Hodge for the
most part lives and dies in his ancestral village: marries Mary, the
daughter of Hodge Secundus of that parish, and begets assorted Hodges
and Marys in vast quantities, all of the same pattern, to replenish the
earth in the next generation. There you have a very well-marked
hereditary caste, little given to intermixture with others, and from
whose members, however recruited by fresh blood, the object of our
quest, the Divine Genius, is very unlikely to find his point of origin.

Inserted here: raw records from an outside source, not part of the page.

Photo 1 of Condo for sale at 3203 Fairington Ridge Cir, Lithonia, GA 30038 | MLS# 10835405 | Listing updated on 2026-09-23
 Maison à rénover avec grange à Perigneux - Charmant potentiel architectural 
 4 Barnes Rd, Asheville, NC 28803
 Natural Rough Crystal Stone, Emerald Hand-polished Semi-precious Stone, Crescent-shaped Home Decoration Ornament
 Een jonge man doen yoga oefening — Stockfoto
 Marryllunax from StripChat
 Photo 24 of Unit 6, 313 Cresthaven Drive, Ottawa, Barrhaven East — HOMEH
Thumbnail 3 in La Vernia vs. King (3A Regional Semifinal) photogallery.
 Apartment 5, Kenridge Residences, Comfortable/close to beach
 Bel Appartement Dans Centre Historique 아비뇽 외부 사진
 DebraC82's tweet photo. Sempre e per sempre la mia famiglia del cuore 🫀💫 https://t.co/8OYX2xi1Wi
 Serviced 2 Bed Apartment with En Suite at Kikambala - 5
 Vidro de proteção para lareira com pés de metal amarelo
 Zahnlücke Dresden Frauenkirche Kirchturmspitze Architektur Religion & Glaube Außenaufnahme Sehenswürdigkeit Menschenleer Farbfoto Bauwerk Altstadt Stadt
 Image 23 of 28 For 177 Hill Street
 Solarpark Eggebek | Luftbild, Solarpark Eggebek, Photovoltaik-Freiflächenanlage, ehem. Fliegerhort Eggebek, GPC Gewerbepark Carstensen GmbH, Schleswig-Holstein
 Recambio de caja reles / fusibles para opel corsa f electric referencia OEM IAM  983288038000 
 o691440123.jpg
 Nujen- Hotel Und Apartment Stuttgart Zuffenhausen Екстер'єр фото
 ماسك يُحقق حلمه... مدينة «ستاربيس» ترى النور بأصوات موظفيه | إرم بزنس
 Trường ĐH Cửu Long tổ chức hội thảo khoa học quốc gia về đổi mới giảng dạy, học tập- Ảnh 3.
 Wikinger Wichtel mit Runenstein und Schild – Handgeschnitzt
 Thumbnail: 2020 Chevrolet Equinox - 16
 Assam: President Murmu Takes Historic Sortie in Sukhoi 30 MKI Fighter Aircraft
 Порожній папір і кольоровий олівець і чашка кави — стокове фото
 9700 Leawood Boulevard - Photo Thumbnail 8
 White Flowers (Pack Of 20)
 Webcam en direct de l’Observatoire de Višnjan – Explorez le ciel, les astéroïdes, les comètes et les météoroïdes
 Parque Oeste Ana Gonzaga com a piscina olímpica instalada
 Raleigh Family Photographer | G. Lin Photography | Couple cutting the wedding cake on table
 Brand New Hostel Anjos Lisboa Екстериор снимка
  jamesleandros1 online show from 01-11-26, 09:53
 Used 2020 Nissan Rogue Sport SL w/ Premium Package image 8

Then there is the town artisan caste, sprung originally, indeed, from
the ranks of the Hodges, but naturally selected out of its most active,
enterprising, and intelligent individuals, and often of many generations
standing in various forms of handicraft. This is a far higher and more
promising type of humanity, from the judicious intermixture of whose
best elements we are apt to get our Stephensons, our Arkwrights, our
Telfords, and our Edisons. In a rank of life just above the last, we
find the fixed and immobile farmer caste, which only rarely blossoms
out, under favourable circumstances on both sides, into a stray Cobbett
or an almost miraculous miller Constable. The shopkeepers are a tribe of
more varied interests and more diversified lives. An immense variety of
brain elements are called into play by their diverse functions in
diverse lines; and when we take them in conjunction with the upper
mercantile grades, which are chiefly composed of their ablest and most
successful members, we get considerable chances of those happy blendings
of individual excellences in their casual marriages which go to make up
talent, and, in their final outcome, genius.